I always thought the same thing... If you soldered a small spring with a slim metal disc soldered to the end and placed it over the QTC pill, then it would eliminate most of the torquing force on the pill - as the body is twisted, the battery may twist as well, but the spring would just compress - problem solved.


----------



## Burgess (Jun 29, 2011)

*Re: Fun with QTC*

Great QTC thread !


Thank you, everyone, for the tips and information.


lovecpf
_


----------



## TooManyGizmos (Jun 29, 2011)

*Re: Fun with QTC*

~

:tinfoil:... Place a circle of Tin Foil over the QTC to eliminate friction ...:tinfoil:

~


----------



## PCC (Jun 29, 2011)

*Re: Playing with QTCs*

Unfortunately, I've lost interest in trying to do anything with QTCs for the time being. My main reason for using them was to get an extremely low low out of a light or two, but, I've noticed that the light output would drift brighter after setting the light to some rediculously low level after about 30 seconds. I may try putting a QTC in a little project light that I have in the works to see if I can make it work better for me, but, I haven't really done anything with them in a few months and I've even sold most of them off recently.


----------



## TooManyGizmos (Jun 30, 2011)

*Re: Fun with QTC*

~

Now I'm wondering if I can make this work in ShiningBeam S-Mini's I just acquired ?

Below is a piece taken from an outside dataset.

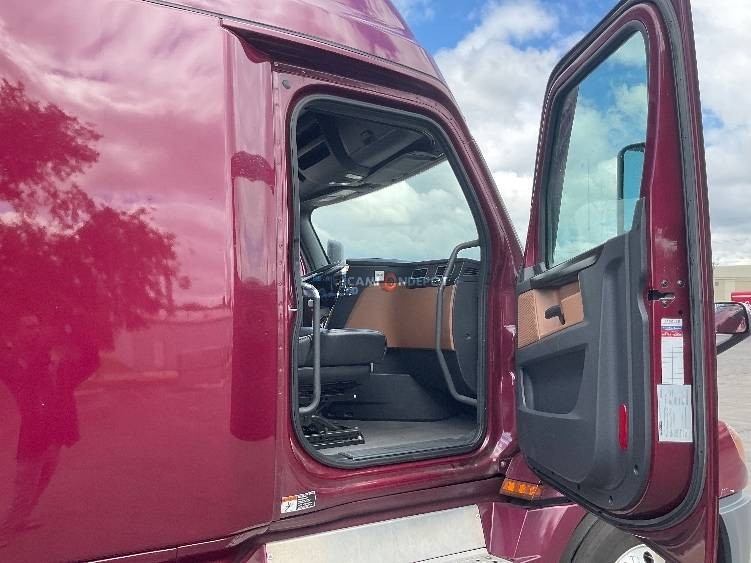 Truck Thumbnail 8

The last 2010 model XPG ... w/pill in the head & spring on the PCB + .

any opinions ............... could it work ?


Will I have to remove the PCB spring to make it work ?

Then something solid to take the place of the spring ... inside a foam ring ?

~


----------



## PCC (Jul 2, 2011)

*Re: Fun with QTC*

No, it shouldn't work. The S-Mini uses a variation on the Shiningbeam Perfect regulation driver and that driver will kick into low mode thinking that the batteries are drained. I'm not sure if you can regulate the voltage in the low mode on that light as my Perfect Regulation driver is now a single-mode light that will switch to low mode only when the battery voltage is low.


----------



## TooManyGizmos (Jul 8, 2011)

*Re: Fun with QTC*

~

Naaaa ... could not make it work on S-Mini or a Q-mini AA .

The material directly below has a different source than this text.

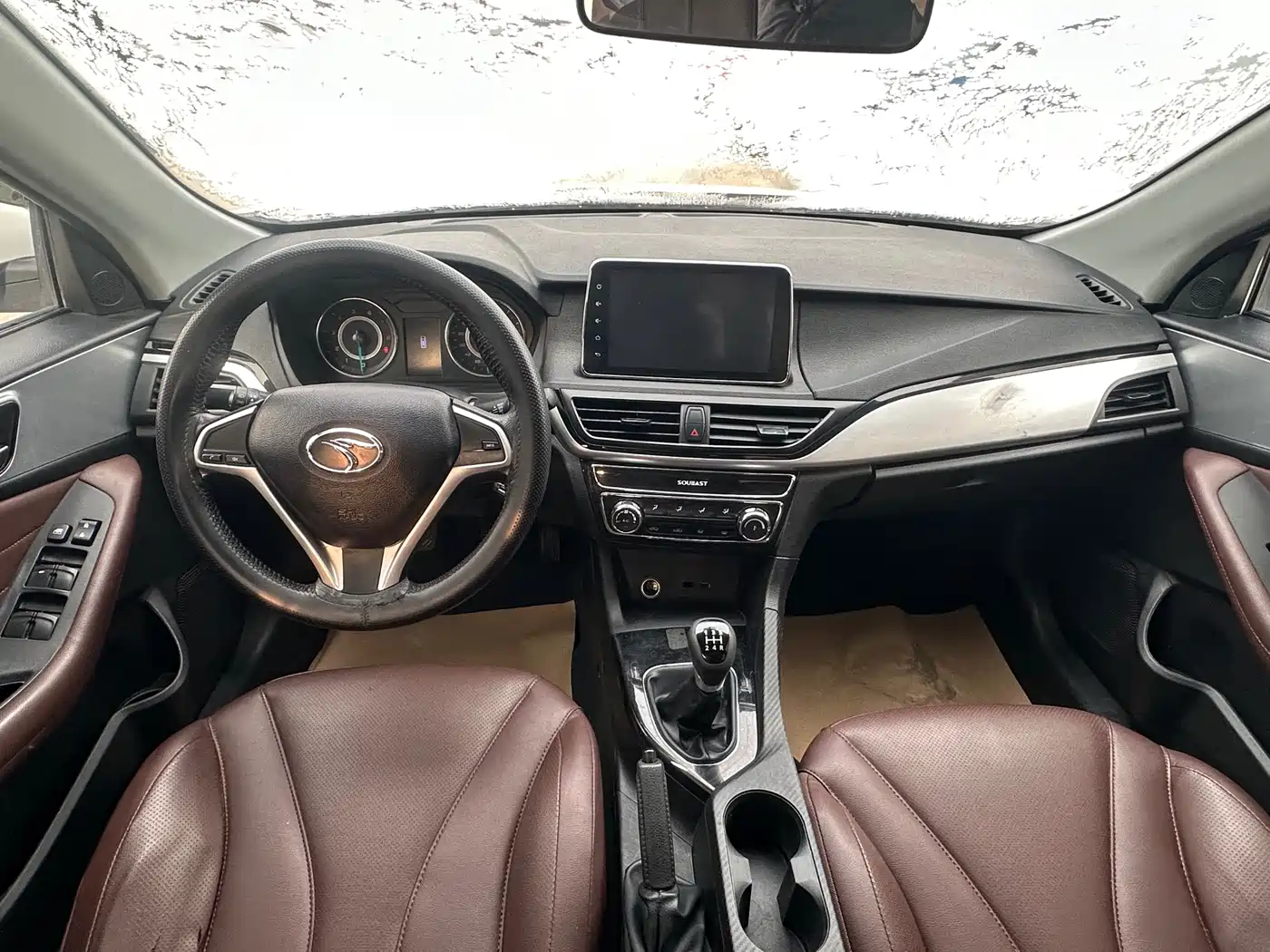 Soueast A5 Wing Dance 2019 2019 1.5L Manual Premium Edition China V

Also did not like it's operation in a Fenix LD-15 .... so I removed it .

It changes it's conductive resistance and wavers up/down during use .

Can't really be sure when it's un-screwed enough to not be conducting ?

It can be OFF ...then suddenly after minutes ... the LED starts Glowing !

Can't really find a good application for it .... in the lights that I own .

Too concerned about it eventually becoming a parasitic battery drainer .

Peak lights must be the best application for it ........ don't have any .

~


----------



## TooManyGizmos (Jul 8, 2011)

*Re: Playing with QTCs*

~

Yes ..... the "Drifting" to higher output after a few seconds or minutes , that you mentioned , is what killed it for me . It wavers too much !

I think I have the light OFF .....then it comes back ON .... !

Battery drainer !!!! ........... I'm done with it .... Can't use it .

~


----------



## alfa (Jul 8, 2011)

*Re: Playing with QTCs*

I'm playing with QTC on my EZ123, but I've some problem with the drift to higher output. I think it's due to the small elasticity of the battery.

But here some pics:naughty.

First I've made with aluminum sheet a little dish to cover the positive spring and a little shaped washer made of acetylene from a gloss sheet (I don't know if their name is correct...): 













And here the QTC pill stuck in the washer:






And, not shown, all is covered by another dish. The first prototype had aluminum dishes, but the new one has dishes from a thicker sheet of copper.


----------



## Norm (Jul 8, 2011)

*Re: Playing with QTCs*

Two similar threads Merged. - Norm


----------



## alfa (Jul 8, 2011)

*Re: Playing with QTCs*



A little video (in Italian) when I show how is possible to dim the output :wave:


----------



## Beamhead (Jul 8, 2011)

*Re: Playing with QTCs*



TooManyGizmos said:


> ~
> 
> Yes ..... the "Drifting" to higher output after a few seconds or minutes , that you mentioned , is what killed it for me . It wavers too much !
> 
> ...


 
The only drifting I experienced is when trying to get ultra low, you have to sneak up on it.
I guess you don't like it?


----------



## TooManyGizmos (Jul 8, 2011)

*Re: Playing with QTCs*

~

Beam ... yes , you are correct , I don't really like it .

I can't be sure when it's turned OFF enough - not to come back on .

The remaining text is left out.